What Really Makes a Hit?

Scientists say they have identified the reason some songs become hits and others flop: the element of surprise.

Last year, a study was carried out where researchers from the Max Planck Institute for Human Cognitive and Brain Sciences in Germany took 80,000 chords from 745 classic US Billboard pop songs and ran them through a machine-learning model.

Lead researcher Vincent Cheung said the key finding was that songs that were hits were more likely to have “surprising” elements.

“Songs that we find pleasant are likely those which strike a good balance between knowing what is going to happen next and surprising us with something we did not expect,” he said.

“Understanding how music activates our pleasure system in the brain could explain why listening to music might help us feel better when we are feeling blue.”

Caleb James, a songwriting lecturer at Griffith University’s Queensland Conservatorium and a former member of Brisbane rock band Rhubarb, said the research was scientific confirmation of what many musicians understood intuitively.

“What’s really challenging since the dawn of time for songwriters is striking that balance between including enough familiar things in a song so the audience understands it, with enough surprises that makes the old stuff feel new again,” he said.

“Some people are more adept at including new information in a way that connects it to the stuff that’s already well known – it’s the key between songs that technically have the same ingredients but one was a hit and the other wasn’t.”

But while science had identified the underlying causes of why songs were pleasing to the brain, Mr James said there was no “recipe” for a hit.

“There is a definite balance between having that technical focus but also letting the song develop naturally so that it feels like it’s being birthed, being created, rather than it being just a recipe,” he said.

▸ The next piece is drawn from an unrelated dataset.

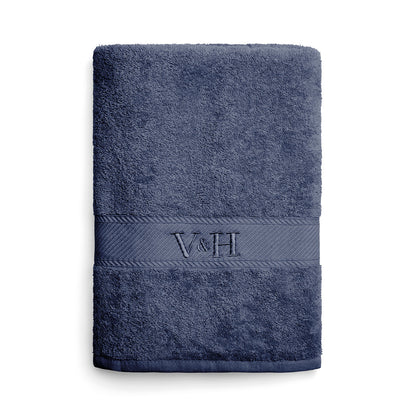 Bath towel combed cotton - Nuage - 100 x 150 cm Blue grey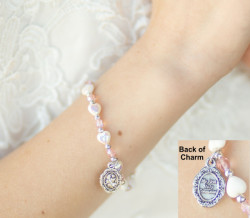 Heart and Pink Glass Bead First Communion Stretch Bracelet [MV1035]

The study stripped out melody and lyrics and focused on chord progressions to remove any associations people may have had for certain songs, and then played those progressions for people attached to an MRI brain scanner.

The study showed that a “surprising” musical moment was pleasant to listen to; however, they also found that when listeners were uncertain about what to expect next, they found it more satisfying to hear “familiar” chords.

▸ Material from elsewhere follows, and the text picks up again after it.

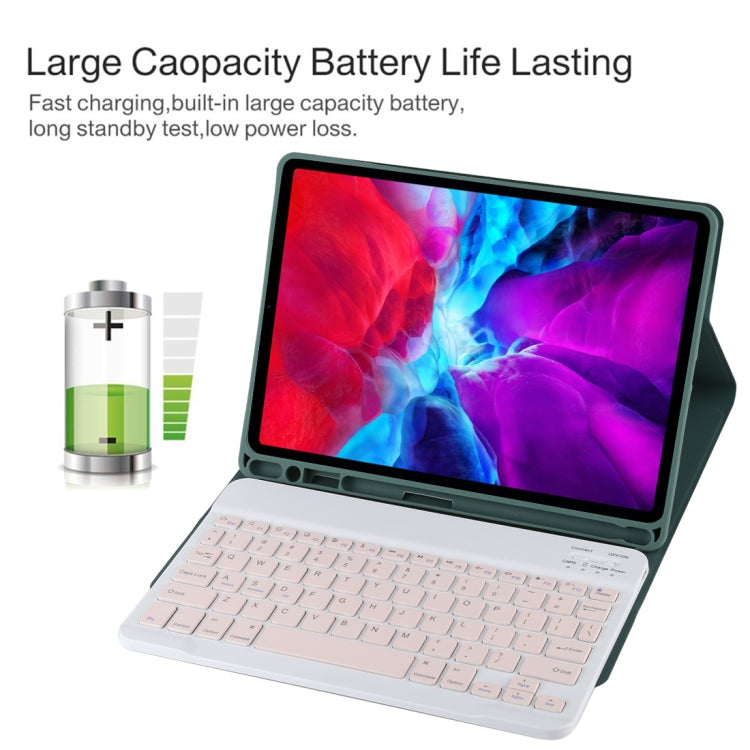 TG11B Detachable Bluetooth Pink Keyboard + Microfiber Leather Tablet Case for iPad Pro 11 inch (2020), with Pen Slot & Holder (Dark Green) - For iPad Pro by PMC TechLife | Online Shopping South Africa | PMC TechLife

Across the research subjects, three brain regions lit up during a musical “surprise”: the amygdala, the hippocampus and the auditory cortex, which are associated with emotions, learning and memory, and processing sound, respectively.

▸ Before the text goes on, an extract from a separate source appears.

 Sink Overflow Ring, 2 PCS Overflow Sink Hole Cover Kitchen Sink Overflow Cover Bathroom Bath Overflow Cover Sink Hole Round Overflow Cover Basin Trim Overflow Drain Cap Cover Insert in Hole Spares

By contrast, activity in the nucleus accumbens, which had been identified in previous studies as a part of the brain that might be involved in musical pleasure, activated only during uncertainty.

The researchers believe the findings could be used to enhance future studies on humans’ appreciation of other art forms including dance and film.

It’s also hoped the data can inform future work on creating musical generation algorithms or even predicting musical trends.

For the record, the research found the three highest-rated chord progressions from the songs they used were from the Beatles classic Ob-La-Di Ob-La-Da, Invisible Touch by Genesis and Hooked on a Feeling by B.J. Thomas.

Meanwhile, Mr James said for his money, one of the best songs ever written, which was also a good example of the phenomenon in the study, was Somewhere over the Rainbow.

“The melody, lyrics and chord progression in that is unbelievable – it has lots of ‘normal’ parts in it but also lots of little melodic surprises; certain intervals, certain chord movements that make it sound really mature and modern,” he said.

“Any songwriter worth their salt, there’s no way you could listen to that song and say it’s poorly written.”